## Task description:
Aside from the pictures, copy the listing exactly.

## Dataset extract:
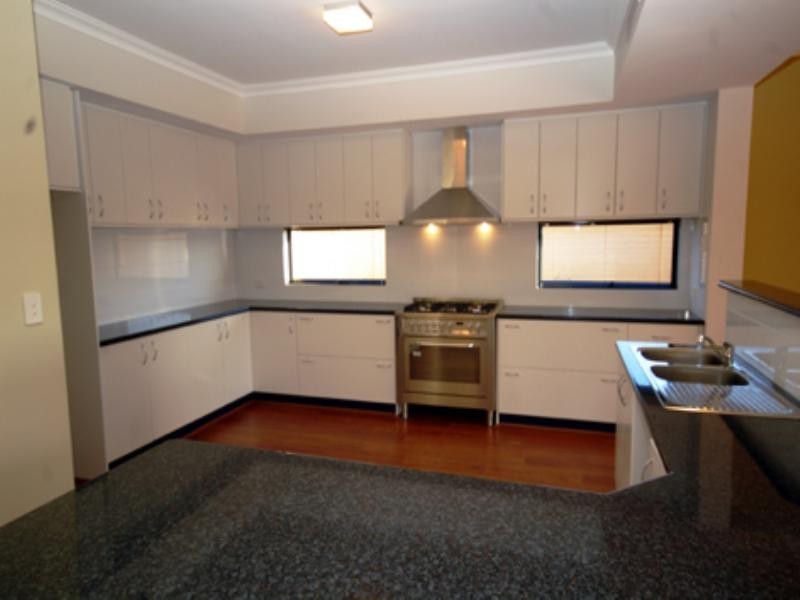 7 Kalinga Drive, Ellenbrook WA 6069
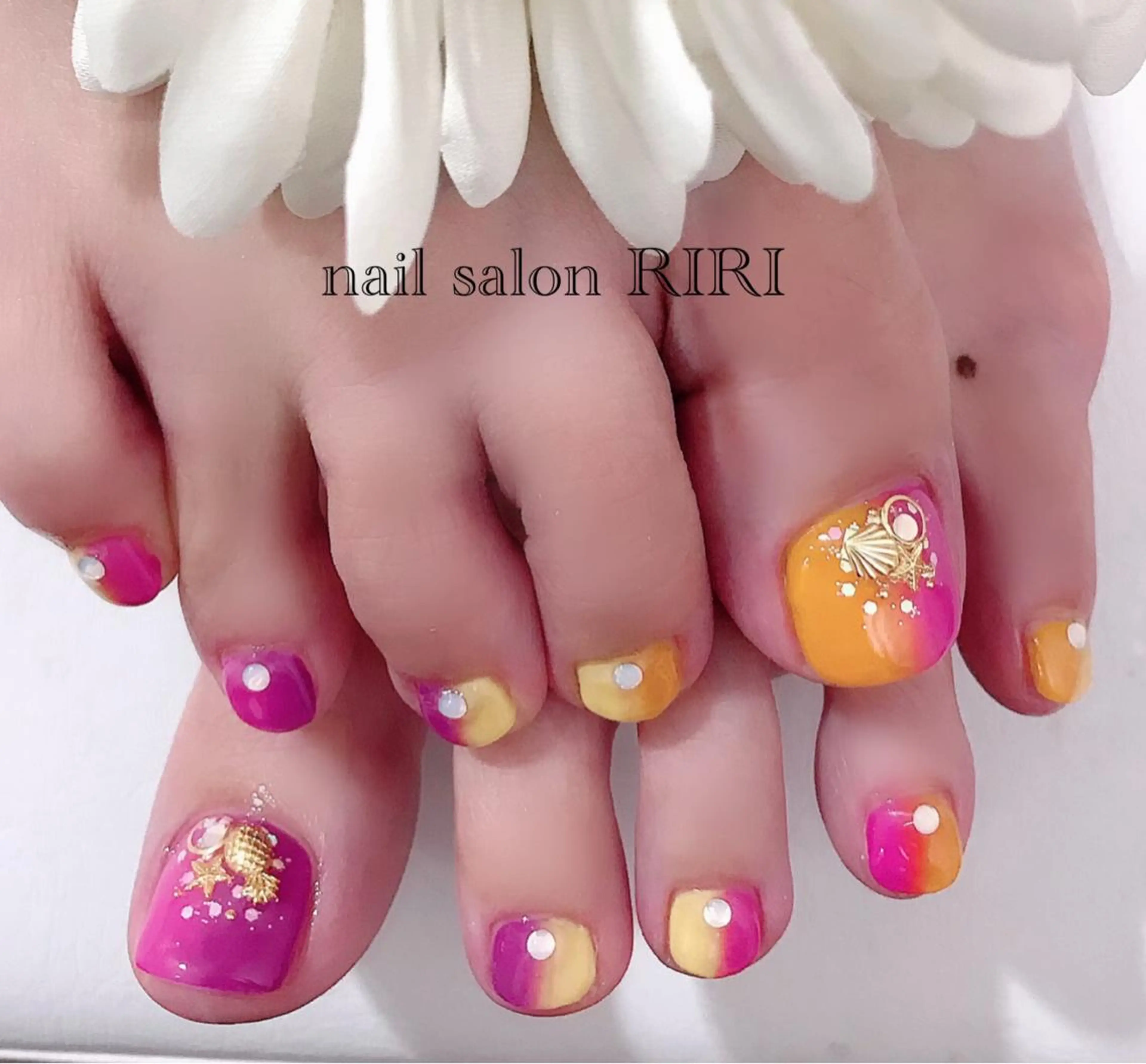 ネイル private  nail  salon RIRI所属・RIRI リリのネイルデザイン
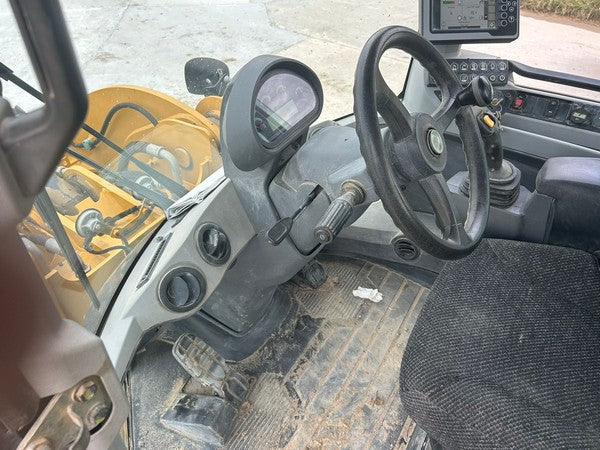 2015 Cat 926M Wheel Loader - Seller7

## Answer to this exercise:
 7 Kalinga Drive, Ellenbrook WA 6069
 ネイル private  nail  salon RIRI所属・RIRI リリのネイルデザイン
 2015 Cat 926M Wheel Loader - Seller7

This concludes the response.